Charles Picqué a d'ailleurs tenu à rappeler que "dans les années 90, j'avais plaidé pour une communauté urbaine (qu'on a appelé communauté métropolitaine) (...) c'est à dire que l'on travaille au-delà des frontières linguistiques et des frontières régionales car finalement une ville, c'est un grand ensemble". Le problème est que la communauté métropolitaine "n'est pas très bien vu dans certains milieux flamands", dit-il.

"Au mépris, il faut opposer la détermination"

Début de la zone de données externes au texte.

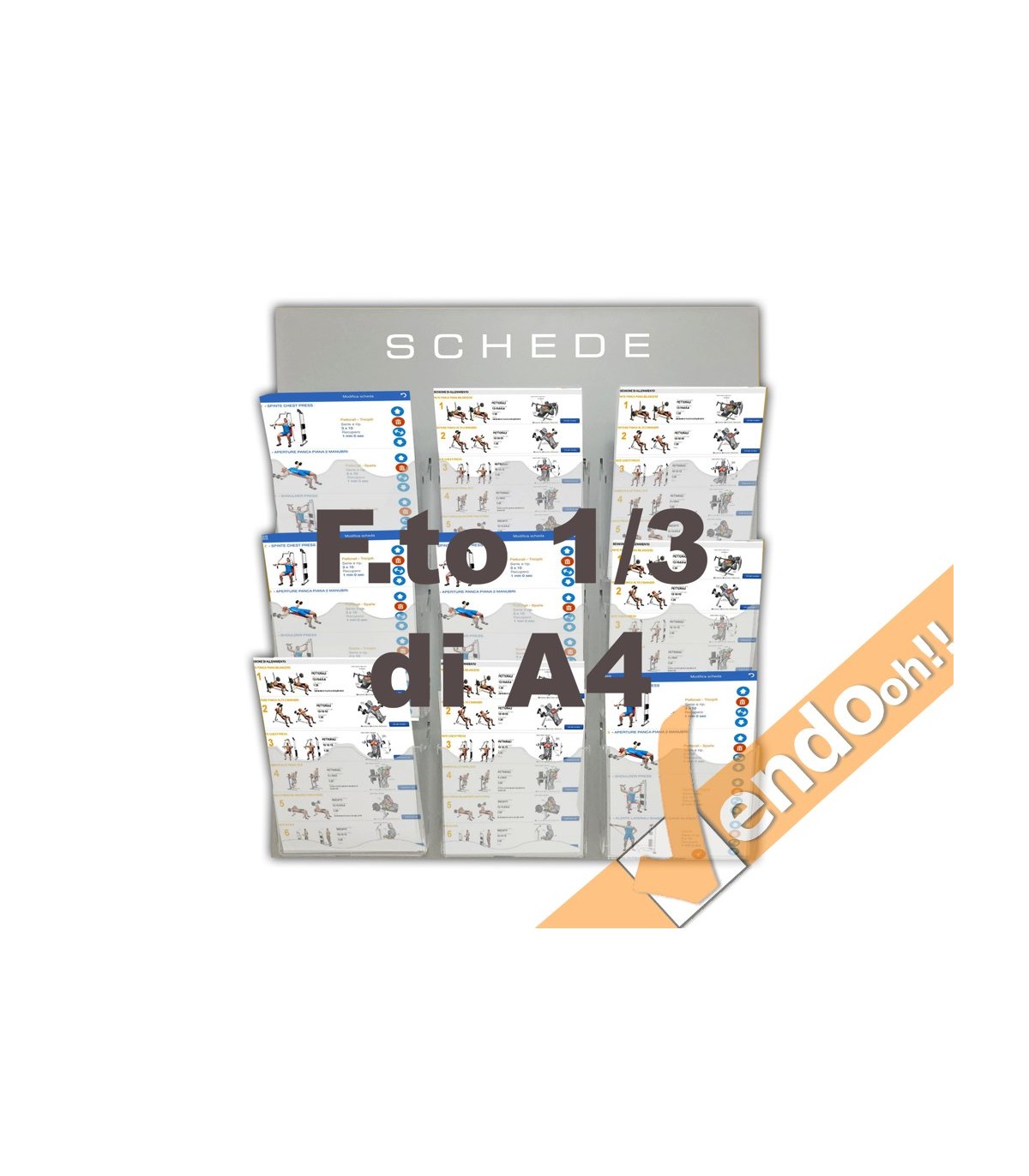 ESPOSITORE DA PARETE 1/3 DI A4 PORTA DEPLIANT IN PLEXIGLASS 4 TASCHE META022A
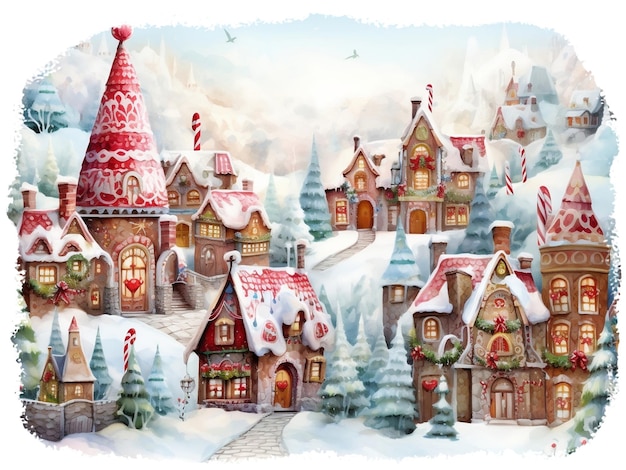 Illustration fantaisiste de villages de Noël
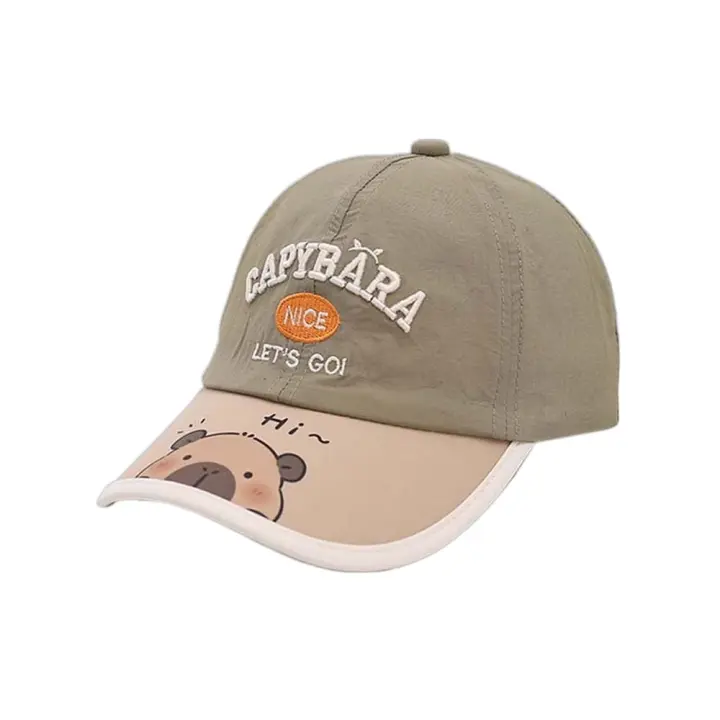 Gorra de béisbol de capibara transpirable, gorra fina de algodón para niños, gorra ligera con letras bordadas, sombrilla de dibujos animados, visera para el sol - 1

Autre grand sujet, le survol de Bruxelles et la demande du MR à la région bruxelloise de suspendre la perception d'astreinte sur le survol de Bruxelles le temps que les nouvelles instructions soient données à Belgocontrol. Sur ce point, Charles Picqué dit vouloir rester prudent : "Le bâton derrière la porte me semble quand même une bonne stratégie".

Et d'ajouter : "Au mépris, il faut opposer la détermination. Cela oblige l'Etat fédéral à chercher des solutions".

"On ne va pas commencer aujourd'hui à abandonner un élément de pression pour une négociation accélérée", conclut-il.

Un futur gouvernement "d'ultra-droite" ?

A la question de savoir si Elio Di Rupo n'exagère pas en qualifiant le probable futur gouvernement "d'ultra-droite", Charles Picqué ne répond pas vraiment. Le président du parlement bruxellois affirme juste que les mesures qui pourraient être prises par ce gouvernement de centre-droit pourraient "déboucher sur une crise sociale grave et peut-être mettre en péril les équilibres qui font la concertation, qui font la paix sociale et qui font la démocratie politique".

Il reconnaît toutefois du bout des lèvres que, vu la situation économique actuelle, il faut faire des réformes, "mais ces réformes", dit-il, "ne doivent pas toucher à des grands équilibres".

"Je ne peux pas comprendre qu'on dise qu'il faut stimuler la consommation et réduire le pouvoir d'achat des gens. C’est illogique", ajoute-t-il. "Je pense que les gens ne se reconnaitront plus dans la démocratie et cela pourrait être grave si, par exemple, ils sont inégaux devant l'accès aux soins de santé".